By the eighteenth century a political organization, known as the millet, managed the affairs of their respective religious communities and developed into the protégé system (beratlılar, protected persons). Signing treaties with European powers, from the 1673 signing of a Capitulation with France, the Ottoman Empire granted France control of certain Ottoman Christians, Austria control of some Ottoman Roman Catholics, most favoured nation status to British and Dutch traders, as well as specific rights to the Republic of Venice and Russian Empire. Under the terms of these treaties, foreign powers could recruit Ottoman subjects to serve their needs as commercial agents, consuls, or interpreters, and extend to these protégés diplomatic immunity from prosecution and privileges of trade, including lowered customs tariffs. Over time, abuses of the system led to a virtual monopoly of foreign trade by protégés, clandestine sales of letters patent (berats), and demands from foreign powers for protection to extend from individuals to entire communities. The influence on Ottoman subjects by European powers changed the perception of these minority groups in the empire, meaning that they were increasingly seen not as Ottoman subjects, but as resident aliens. In 1798, France and Britain's conflicts during the Napoleonic Wars extended into Egypt. France occupied the territory until 1801, when the French were defeated and Britain set about assisting the Ottoman Empire in regaining its sovereignty.

To curb the disruptive effects of Europeans in the empire, from 1806, the Ottoman government began sending communiques to the foreign embassies demanding compliance with the terms of their agreements. Ottoman control was re-established in Libya by 1835 and they implemented policies to control the authority of tribal chiefs in the territory. Failing to achieve success diplomatically, in 1839, the Ottoman government issued the Edict of Gülhane, in an effort to end bribery and corruption, and to create fair tax schemes and institutions to protect the basic rights of Ottoman subjects. The Ottoman Reform Edict of 1856 (Islâhat Fermânı) categorized subjects by whether they were Muslim or non-Muslim, granting different civil statuses to each. In 1863, new regulations upon protégés restricted the privileges they received in the empire and clarifying who were thereafter considered to be Ottoman subjects and who were foreigners.

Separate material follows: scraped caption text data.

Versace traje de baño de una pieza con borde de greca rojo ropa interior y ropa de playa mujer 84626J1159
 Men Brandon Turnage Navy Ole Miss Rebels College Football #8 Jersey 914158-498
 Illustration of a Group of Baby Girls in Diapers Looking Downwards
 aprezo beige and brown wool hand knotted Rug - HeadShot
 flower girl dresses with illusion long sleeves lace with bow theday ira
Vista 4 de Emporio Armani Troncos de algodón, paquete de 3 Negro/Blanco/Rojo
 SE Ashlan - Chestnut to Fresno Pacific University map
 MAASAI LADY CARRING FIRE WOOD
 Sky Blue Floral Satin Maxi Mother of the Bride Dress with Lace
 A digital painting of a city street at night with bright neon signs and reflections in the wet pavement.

To further define subjects of the Ottoman Empire, new nationality legislation was passed in 1869 (tâbiiyet-i osmaniye kanunnamesi, Ottoman Nationality Law). The law specified terms for the acquisition and loss of who was within the sovereignty of the empire, rather than the domestic obligations and rights of citizenship. It described who was a subject, owing allegiance, and made provisions for wives, children, emigrants and immigrants. Under its terms, children derived nationality from their fathers, foreigners born in the territory could acquire nationality at majority, and foreigners born elsewhere could obtain nationality after five years residency within the imperial realm. In 1869, the Empire issued two memoranda to foreign consuls and provincial governors to explain that the law would follow custom regarding the age of majority in each region and clarified that the authority for denaturalization belonged to the central authority. It reiterated that the law was crafted with existing treaties in mind, and was therefore not retroactive legislation which might impact European agreements or Ottoman sovereignty.

The 1869 Nationality Law remained in place until 1909. Under its terms children acquired Ottoman nationality from their father, unless they were illegitimate and then derived it from their mother. If an Ottoman wife was married, her children obtained nationality through their father. Foreigners residing in Ottoman territory were considered to be subjects of the Empire, regardless of where they might have originated. Specific provisions included that foundlings discovered within the territory; stateless persons living in the empire; Muslim women, who despite the ban on such marriages, had married Persian men and the children of such a union; unregistered persons who had not been counted in the Ottoman census, either because no census was taken or their births were unregistered, were all considered to be Ottoman. Foreign women acquired Ottoman nationality through marriage, but could return to their original nationality upon the death of their spouse. Nationality could also be granted based on special contribution or service to the nation. Dual nationality was permitted, but was discouraged, as the government could choose not to recognize naturalization of an Ottoman subject by another state.

Since the unification of Italy in 1870, there was an Italian drive to acquire colonial possessions. Having been unable to secure a protectorate in Tunisia, which was annexed by France in 1881, Italians focused on purchasing the Assab Bay in Eritrea in 1882. They extended a protectorate over a portion of Somalia in 1889 and attempted to extend their rule into Ethiopia in 1896, but were defeated. In 1908, when the Young Turks rebelled against the authoritarian rule of the Ottoman sultan Abdulhamid II, a period of instability followed and the Italians took advantage of the disorder in the Empire. Seeing control of Libya as a chance to dominate the sea route between Gibraltar and the Suez Canal, the Italian army was mobilized to invade Libya on 19 September 1911. By 8 July 1912, Italy controlled all of the major Libyan ports that had been under Ottoman control and peace talks began in Lausanne, Switzerland four days later. On 18 October, under the terms of the Treaty of Lausanne, Italy was ceded Cyrenaica and Tripolitania and required to return the Turkish islands of Dodecanese. Knowing the Ottoman Empire was too weak to contest their actions, Italy annexed all three areas.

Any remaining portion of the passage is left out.